● **Source data**

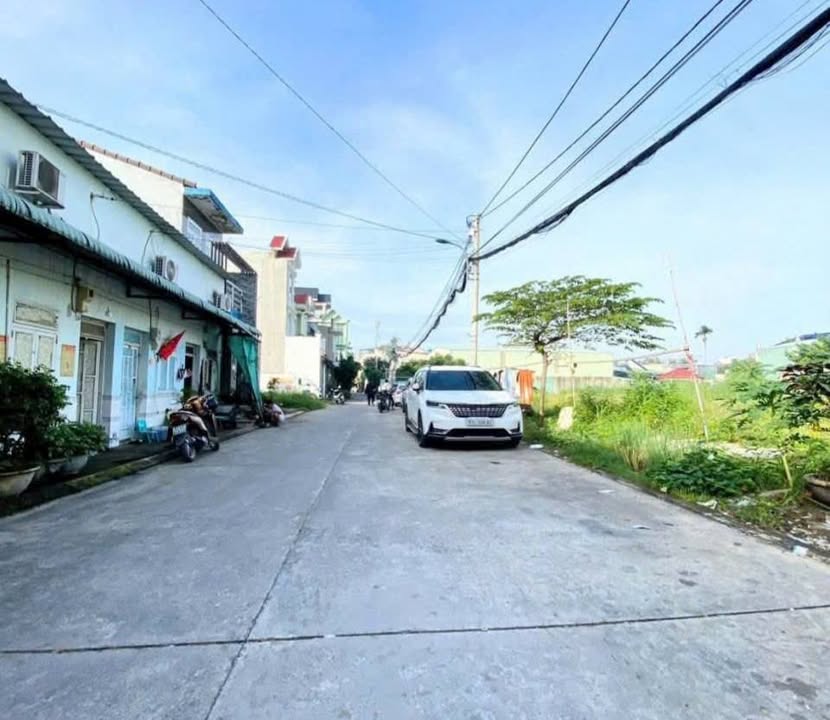 Đất nền đường Thạnh Lộc 15, An Phú Đông, Quận 12 - 62m² giá 3.98 tỷ - Sổ đỏ chính chủ!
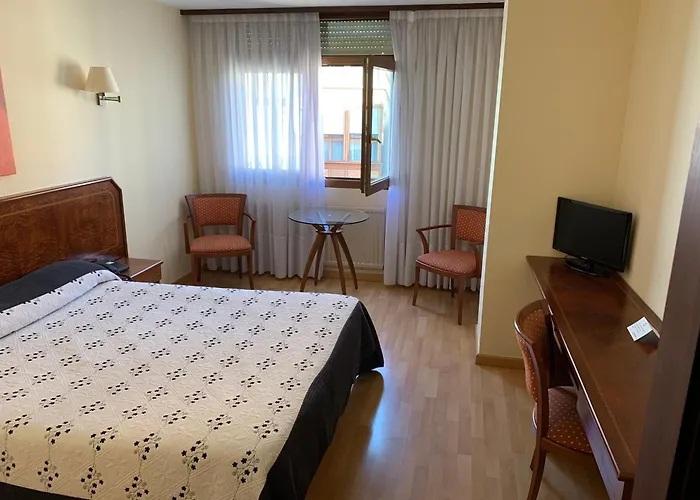 Hotel Unzaga Plaza Éibar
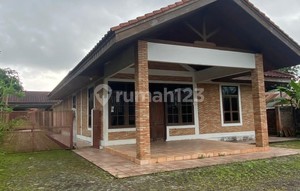 Dijual Rumah dengan Tanah Yg Luas, Daerah Bisnis, Pusat Kota di Tanjung Pandan, Belitung, Propinsi Bangka Belitung
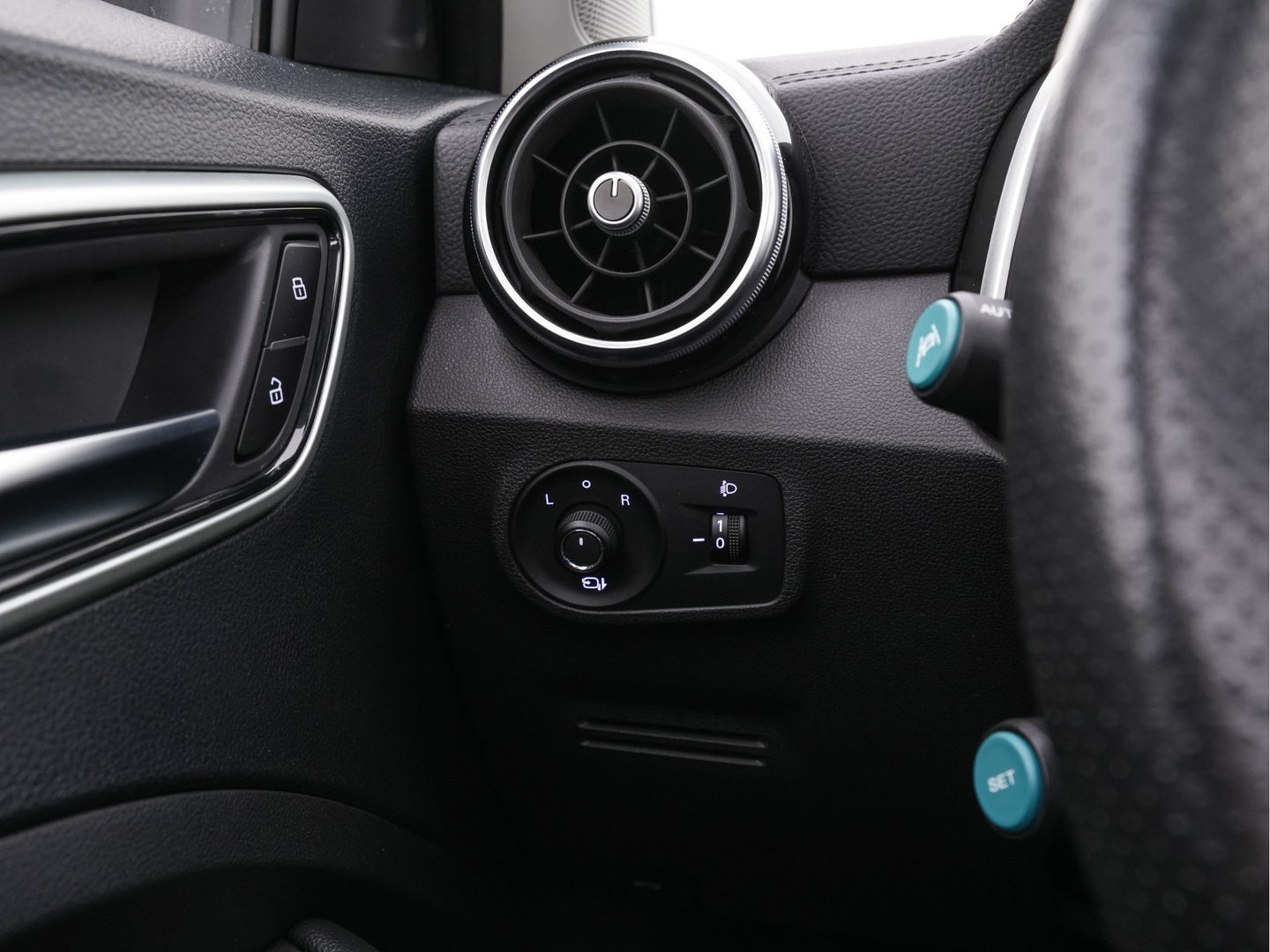 MG ZS EV Luxury 45 kWh {SOH-96%} Aut. *PANO | LUXURY-LEATHER | CCS-FASTLOADER | KEYLESS | NAVI-FULLMAP | ADAPTIVE-CRUISE | CAMERA | HEATED-SPORTSEATS | CARPLAY | BLINDSPOT | DAB | LANE-ASSIST | PRIVACY-GLASS | 17''ALU*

● **Work order**
Leaving out the pictures, output the listing above exactly as given.

● **Exercise output**
 Đất nền đường Thạnh Lộc 15, An Phú Đông, Quận 12 - 62m² giá 3.98 tỷ - Sổ đỏ chính chủ!
 Hotel Unzaga Plaza Éibar
 Dijual Rumah dengan Tanah Yg Luas, Daerah Bisnis, Pusat Kota di Tanjung Pandan, Belitung, Propinsi Bangka Belitung
 MG ZS EV Luxury 45 kWh {SOH-96%} Aut. *PANO | LUXURY-LEATHER | CCS-FASTLOADER | KEYLESS | NAVI-FULLMAP | ADAPTIVE-CRUISE | CAMERA | HEATED-SPORTSEATS | CARPLAY | BLINDSPOT | DAB | LANE-ASSIST | PRIVACY-GLASS | 17''ALU*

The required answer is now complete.